Domestically, of course, the currency is no longer tied to gold. Going off gold was supposed to give the central bank greater flexibility in managing the nation's money supply. Instead, the end result has been to undercut not just its ability to regulate money and credit but also the very foundation of the banking system itself. Banking depends on a workable distinction between money and credit. Without it, the Fed cannot control the growth of the broad monetary and credit aggregates, and banks no longer possess a unique franchise separate and distinct from other financial intermediaries.

Money market funds buying commercial paper, government agencies like Fannie Mae and Freddie Mac securitizing loans, and brokerage firms making margin loans all act effectively to expand credit, but they do so outside the constraints of bank reserve and capital requirements.
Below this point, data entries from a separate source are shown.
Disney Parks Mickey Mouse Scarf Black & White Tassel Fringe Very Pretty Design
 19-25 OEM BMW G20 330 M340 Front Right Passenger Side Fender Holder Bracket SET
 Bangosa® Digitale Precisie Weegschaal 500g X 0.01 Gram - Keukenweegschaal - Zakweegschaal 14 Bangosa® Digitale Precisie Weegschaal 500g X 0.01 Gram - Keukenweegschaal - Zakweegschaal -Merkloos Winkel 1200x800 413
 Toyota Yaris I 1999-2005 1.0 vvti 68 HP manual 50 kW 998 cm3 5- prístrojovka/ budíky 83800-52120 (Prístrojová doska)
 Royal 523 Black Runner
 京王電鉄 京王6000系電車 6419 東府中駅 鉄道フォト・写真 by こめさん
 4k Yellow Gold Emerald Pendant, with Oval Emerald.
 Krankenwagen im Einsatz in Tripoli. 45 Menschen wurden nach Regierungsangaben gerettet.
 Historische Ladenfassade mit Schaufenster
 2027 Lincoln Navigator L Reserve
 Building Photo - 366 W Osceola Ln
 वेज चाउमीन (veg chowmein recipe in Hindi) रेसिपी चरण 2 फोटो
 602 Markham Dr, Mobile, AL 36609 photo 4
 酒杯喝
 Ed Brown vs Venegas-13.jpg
For an interesting discussion of this process and its effects on the monetary aggregates, see D. Noland, "The Credit Bubble Bulletin - Commercial Paper," March 10, 2000 (www.prudentbear.com/markcomm/markcomm.htm). Banking based on gold is a demanding business that done properly is a public good; banking without gold is a crippled business that, however done, has heretofore always ended in an orgy of paper and national ruin.

Internationally, the euro is poised to assume many if not all of the settlement functions that since 1971 could only be performed by the dollar notwithstanding the breakdown of the Bretton Woods system. What is more, unless the ECB and EU nations lose their nerve, the days of the U.S. and Britain dictating international monetary arrangements are over. There is no practical bar today to the euro bloc declaring full independence from the dollar by linking the euro to gold in some meaningful fashion. Indeed, a simple declaration that henceforth most of the EU's international monetary reserves will be held in gold rather than foreign currencies would likely have major adverse consequences for the dollar and the pound.

Nor is monetary confrontation with the euro the only possible nightmare scenario for the dollar. A problem for any world reserve currency is that major external holders of the currency have a potential weapon they can use against the reserve currency country. The importance of this weapon is magnified when the domestic financial structure of the reserve currency country is overextended or its external accounts are out of balance. Thus today, for example, any major confrontation between the U.S. and China over Taiwan would inevitably be complicated not only by questions about what China might do with its very substantial dollar reserves, but also by what other large holders of dollar reserves might do to counter any perceived threat to the value of their holdings.

What was once known as the Great War became the First World War largely due to the unwillingness of western democracies to face hard facts at domestic political cost. What Mr. Greenspan was able to call the Great Depression could well become the First World Depression for fundamentally similar reasons. Although another global depression would almost certainly knock the dollar from its reserve currency perch, it would mark not so much the end of a dollar-based financial world as the end of an illusion: that paper can replace gold as permanent, international money.

Just as the Second World War forced a return to greater realism in the conduct of international relations, a Second World Depression should bring about restoration of a more normal gold-based international monetary system. But in this event, Mr. Greenspan, having set out to play Mr. Churchill, is likely to end in the role of Mr. Chamberlain -- the man run over by realities that he could not see or would not admit.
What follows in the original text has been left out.